The girls sometimes distressed her, and bewildered her, for they were strange to her nature. But it would never have occurred to her to peer into their minds and their hearts. This did not spring from a delicate regard for their privacy. Privacy did not exist for Lilybelle. Her children’s natures were facts, and she never questioned facts, though sometimes, but rarely, they worried her.
Humming as she rocked and darned, and tut-tutted under her breath at some new hole, she was entirely happy. The sun gilded the high masses of her bright hair, and lay on the warm and lustrous white flesh of her neck. Her humming rose to high singing, as artless as a child’s melody.

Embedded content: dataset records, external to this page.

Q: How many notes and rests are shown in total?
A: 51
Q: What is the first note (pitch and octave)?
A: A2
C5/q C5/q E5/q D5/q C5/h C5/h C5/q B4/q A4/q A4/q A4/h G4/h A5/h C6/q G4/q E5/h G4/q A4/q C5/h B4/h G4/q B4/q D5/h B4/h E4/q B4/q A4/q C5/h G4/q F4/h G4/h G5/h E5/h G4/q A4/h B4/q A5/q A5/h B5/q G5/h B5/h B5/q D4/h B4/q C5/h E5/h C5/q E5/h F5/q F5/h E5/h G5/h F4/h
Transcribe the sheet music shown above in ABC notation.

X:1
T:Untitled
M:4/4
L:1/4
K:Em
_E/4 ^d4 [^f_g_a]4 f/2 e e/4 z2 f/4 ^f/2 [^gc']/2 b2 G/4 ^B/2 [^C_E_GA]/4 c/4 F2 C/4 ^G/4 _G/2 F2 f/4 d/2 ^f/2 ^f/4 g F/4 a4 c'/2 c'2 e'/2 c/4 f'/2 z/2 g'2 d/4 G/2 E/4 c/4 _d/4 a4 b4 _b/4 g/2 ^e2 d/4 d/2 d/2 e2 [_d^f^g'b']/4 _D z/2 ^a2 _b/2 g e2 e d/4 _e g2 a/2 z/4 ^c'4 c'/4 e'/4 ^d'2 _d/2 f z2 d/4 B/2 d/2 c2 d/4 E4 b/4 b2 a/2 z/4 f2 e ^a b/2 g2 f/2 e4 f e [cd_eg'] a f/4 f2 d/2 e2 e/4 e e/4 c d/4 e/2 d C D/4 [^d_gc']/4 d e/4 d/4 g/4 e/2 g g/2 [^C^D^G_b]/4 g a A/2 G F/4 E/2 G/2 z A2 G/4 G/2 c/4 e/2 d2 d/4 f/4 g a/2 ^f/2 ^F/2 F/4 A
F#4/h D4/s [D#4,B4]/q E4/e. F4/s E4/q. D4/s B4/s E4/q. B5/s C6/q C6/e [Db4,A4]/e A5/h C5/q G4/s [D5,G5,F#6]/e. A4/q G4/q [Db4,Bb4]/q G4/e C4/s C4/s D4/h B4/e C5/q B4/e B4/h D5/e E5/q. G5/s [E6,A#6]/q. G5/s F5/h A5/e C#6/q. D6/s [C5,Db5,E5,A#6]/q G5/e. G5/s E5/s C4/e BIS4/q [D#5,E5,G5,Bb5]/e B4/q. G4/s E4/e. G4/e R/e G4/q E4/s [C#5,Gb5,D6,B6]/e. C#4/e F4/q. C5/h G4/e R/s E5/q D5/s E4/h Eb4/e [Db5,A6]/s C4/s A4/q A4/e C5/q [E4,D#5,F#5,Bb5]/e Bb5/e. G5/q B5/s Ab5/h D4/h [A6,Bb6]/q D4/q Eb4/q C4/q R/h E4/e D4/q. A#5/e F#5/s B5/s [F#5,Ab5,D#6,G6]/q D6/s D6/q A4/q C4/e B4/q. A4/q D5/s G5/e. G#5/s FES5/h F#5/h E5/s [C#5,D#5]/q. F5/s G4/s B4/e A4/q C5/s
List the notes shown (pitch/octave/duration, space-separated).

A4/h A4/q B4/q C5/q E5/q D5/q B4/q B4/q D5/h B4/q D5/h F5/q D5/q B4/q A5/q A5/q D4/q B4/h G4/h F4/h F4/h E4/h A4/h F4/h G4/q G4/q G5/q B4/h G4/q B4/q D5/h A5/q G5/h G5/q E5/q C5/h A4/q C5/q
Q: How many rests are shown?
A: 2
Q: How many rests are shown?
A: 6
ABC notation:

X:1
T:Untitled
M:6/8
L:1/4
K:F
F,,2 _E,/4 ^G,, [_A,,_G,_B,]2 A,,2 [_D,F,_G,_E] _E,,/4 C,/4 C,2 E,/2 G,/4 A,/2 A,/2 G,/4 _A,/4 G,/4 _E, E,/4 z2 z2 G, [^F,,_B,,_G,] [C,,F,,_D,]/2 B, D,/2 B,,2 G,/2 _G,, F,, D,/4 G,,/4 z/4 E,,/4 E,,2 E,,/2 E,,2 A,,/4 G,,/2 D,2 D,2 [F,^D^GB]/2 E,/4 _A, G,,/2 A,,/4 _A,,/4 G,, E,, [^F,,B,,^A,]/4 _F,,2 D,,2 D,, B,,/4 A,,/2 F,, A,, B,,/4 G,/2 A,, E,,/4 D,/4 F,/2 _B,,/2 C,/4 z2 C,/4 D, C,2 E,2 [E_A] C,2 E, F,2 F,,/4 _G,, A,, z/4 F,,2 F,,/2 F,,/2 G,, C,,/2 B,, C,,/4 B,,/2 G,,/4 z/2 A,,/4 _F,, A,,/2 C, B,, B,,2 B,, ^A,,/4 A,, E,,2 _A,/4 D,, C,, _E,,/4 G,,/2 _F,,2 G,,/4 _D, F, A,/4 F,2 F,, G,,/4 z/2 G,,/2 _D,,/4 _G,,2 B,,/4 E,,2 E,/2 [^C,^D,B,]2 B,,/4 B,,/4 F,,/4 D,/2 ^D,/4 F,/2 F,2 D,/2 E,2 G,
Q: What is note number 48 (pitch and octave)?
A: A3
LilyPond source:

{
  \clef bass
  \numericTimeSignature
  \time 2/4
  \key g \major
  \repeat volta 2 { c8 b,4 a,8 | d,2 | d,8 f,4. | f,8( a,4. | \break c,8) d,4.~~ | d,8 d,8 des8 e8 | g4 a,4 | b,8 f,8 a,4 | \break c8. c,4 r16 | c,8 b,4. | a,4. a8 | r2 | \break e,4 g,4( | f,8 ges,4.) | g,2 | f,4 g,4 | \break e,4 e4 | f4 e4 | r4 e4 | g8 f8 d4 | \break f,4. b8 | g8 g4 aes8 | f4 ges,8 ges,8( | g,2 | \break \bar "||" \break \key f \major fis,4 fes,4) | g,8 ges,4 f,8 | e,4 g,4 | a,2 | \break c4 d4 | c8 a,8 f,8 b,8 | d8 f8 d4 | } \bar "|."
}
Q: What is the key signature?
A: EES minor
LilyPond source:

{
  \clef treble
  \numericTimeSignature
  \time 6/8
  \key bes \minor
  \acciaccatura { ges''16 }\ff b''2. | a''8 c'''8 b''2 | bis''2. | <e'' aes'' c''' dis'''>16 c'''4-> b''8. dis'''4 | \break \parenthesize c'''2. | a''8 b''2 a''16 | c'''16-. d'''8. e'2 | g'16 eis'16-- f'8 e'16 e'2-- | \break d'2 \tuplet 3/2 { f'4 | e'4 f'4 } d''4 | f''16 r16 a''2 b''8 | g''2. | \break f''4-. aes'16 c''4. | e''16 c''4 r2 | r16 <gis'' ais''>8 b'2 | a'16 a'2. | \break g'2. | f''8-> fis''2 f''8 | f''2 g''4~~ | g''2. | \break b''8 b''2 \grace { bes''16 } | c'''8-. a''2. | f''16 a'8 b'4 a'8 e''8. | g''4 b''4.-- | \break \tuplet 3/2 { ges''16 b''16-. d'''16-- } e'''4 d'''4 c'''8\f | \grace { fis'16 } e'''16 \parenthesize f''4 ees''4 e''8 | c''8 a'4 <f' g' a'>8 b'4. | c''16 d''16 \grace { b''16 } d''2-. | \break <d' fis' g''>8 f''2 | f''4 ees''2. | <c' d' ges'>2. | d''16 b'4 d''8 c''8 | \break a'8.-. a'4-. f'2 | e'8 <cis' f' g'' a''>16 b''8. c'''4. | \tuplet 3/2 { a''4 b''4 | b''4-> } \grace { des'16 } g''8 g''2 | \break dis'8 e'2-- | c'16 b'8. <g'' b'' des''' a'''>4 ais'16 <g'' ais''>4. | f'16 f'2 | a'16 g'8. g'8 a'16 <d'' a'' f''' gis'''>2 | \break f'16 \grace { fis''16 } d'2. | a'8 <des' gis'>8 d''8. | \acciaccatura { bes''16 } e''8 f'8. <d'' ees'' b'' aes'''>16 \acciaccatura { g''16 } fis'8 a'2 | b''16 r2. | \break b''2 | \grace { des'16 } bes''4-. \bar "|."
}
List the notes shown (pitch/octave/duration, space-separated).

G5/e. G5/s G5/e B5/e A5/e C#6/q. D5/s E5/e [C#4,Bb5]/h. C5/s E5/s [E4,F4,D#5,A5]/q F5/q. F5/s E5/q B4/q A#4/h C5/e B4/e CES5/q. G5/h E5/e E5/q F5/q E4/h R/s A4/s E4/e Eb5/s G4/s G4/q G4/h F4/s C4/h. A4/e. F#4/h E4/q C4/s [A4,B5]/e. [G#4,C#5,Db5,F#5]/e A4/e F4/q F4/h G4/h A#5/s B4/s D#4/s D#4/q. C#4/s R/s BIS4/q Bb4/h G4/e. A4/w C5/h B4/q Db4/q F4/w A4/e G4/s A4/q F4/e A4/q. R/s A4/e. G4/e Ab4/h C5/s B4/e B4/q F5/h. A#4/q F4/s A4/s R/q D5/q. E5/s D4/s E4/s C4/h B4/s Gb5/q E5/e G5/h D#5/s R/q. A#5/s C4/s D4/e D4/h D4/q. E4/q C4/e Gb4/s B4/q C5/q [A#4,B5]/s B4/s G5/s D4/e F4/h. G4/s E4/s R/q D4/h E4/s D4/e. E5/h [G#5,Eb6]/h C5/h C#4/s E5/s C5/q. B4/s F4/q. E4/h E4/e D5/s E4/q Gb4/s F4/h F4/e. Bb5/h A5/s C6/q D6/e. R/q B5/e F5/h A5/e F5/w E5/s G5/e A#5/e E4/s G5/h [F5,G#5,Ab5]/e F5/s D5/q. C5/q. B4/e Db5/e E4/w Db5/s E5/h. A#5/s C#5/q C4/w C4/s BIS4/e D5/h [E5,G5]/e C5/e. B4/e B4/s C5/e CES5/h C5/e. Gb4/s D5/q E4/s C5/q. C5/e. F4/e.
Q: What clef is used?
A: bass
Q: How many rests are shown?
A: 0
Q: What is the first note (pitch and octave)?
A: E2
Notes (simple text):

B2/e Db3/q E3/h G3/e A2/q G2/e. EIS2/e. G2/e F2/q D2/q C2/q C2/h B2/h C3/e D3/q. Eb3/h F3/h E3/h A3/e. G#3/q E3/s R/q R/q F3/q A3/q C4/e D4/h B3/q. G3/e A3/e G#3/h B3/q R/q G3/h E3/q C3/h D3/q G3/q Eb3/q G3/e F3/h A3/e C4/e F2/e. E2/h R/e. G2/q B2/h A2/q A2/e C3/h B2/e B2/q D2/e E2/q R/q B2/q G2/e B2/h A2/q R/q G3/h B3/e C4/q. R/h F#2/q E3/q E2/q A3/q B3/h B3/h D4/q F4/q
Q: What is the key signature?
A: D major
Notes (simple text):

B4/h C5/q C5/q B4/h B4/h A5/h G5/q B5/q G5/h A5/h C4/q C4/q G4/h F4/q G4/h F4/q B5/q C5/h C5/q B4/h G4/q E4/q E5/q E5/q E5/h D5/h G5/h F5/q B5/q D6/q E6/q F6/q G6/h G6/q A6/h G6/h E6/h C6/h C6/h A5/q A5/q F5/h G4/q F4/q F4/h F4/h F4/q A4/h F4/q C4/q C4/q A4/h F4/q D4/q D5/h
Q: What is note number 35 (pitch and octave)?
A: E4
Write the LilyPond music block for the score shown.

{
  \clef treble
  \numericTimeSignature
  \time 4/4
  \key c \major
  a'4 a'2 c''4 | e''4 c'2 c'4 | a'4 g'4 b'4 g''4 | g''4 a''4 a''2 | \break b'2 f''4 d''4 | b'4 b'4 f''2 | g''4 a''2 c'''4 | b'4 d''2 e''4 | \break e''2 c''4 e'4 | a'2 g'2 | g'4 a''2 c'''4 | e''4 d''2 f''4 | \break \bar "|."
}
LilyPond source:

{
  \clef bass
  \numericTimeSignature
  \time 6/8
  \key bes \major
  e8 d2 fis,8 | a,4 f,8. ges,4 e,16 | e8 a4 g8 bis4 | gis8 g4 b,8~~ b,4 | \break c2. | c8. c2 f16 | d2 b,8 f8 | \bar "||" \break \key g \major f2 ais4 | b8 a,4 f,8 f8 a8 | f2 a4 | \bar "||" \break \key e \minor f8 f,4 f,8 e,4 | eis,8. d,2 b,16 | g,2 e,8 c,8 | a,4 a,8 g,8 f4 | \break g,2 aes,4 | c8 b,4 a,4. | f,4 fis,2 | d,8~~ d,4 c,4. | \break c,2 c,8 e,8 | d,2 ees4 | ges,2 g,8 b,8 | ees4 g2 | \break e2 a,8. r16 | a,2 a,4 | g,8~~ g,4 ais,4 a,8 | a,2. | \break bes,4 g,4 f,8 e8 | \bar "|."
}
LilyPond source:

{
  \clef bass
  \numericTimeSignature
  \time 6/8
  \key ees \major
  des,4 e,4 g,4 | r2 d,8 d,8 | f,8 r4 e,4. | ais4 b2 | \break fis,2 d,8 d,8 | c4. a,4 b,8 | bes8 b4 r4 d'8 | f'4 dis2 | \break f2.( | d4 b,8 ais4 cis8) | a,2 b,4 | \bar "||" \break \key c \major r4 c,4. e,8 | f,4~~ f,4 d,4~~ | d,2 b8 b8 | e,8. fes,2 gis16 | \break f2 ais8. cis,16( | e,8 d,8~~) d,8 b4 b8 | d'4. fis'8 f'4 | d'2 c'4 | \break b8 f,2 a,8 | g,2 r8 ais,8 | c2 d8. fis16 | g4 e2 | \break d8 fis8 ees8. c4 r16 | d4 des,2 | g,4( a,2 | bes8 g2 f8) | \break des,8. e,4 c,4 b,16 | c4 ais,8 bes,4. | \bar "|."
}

She heard the grating of carriage wheels on the gravel driveway, and leaned forward to look through the window in surprise. Who could be calling at such an hour? She felt the old familiar shrinking. But, to her amazement, it was one of the carriages of the house, and John was descending near the door.
There were few times when Lilybelle’s solid heart lunged with fear. But now it lunged. John never came home at noon, and rarely before five o’clock. She had only one thought: he was ill.
She dropped the heaped stockings from her lap, A ball of white thread rolled from the basket and galloped across the floor. Lilybelle, despite her bulk, was still young, and she rushed to the door, flung it open and hurtled down the stairs, her big plump face quite pale, her mouth open. John had hardly let himself into the cool dusky hall when he was confronted by his wife, leaping down the stairs, her tumbled masses of auburn hair uncoiling themselves from her head.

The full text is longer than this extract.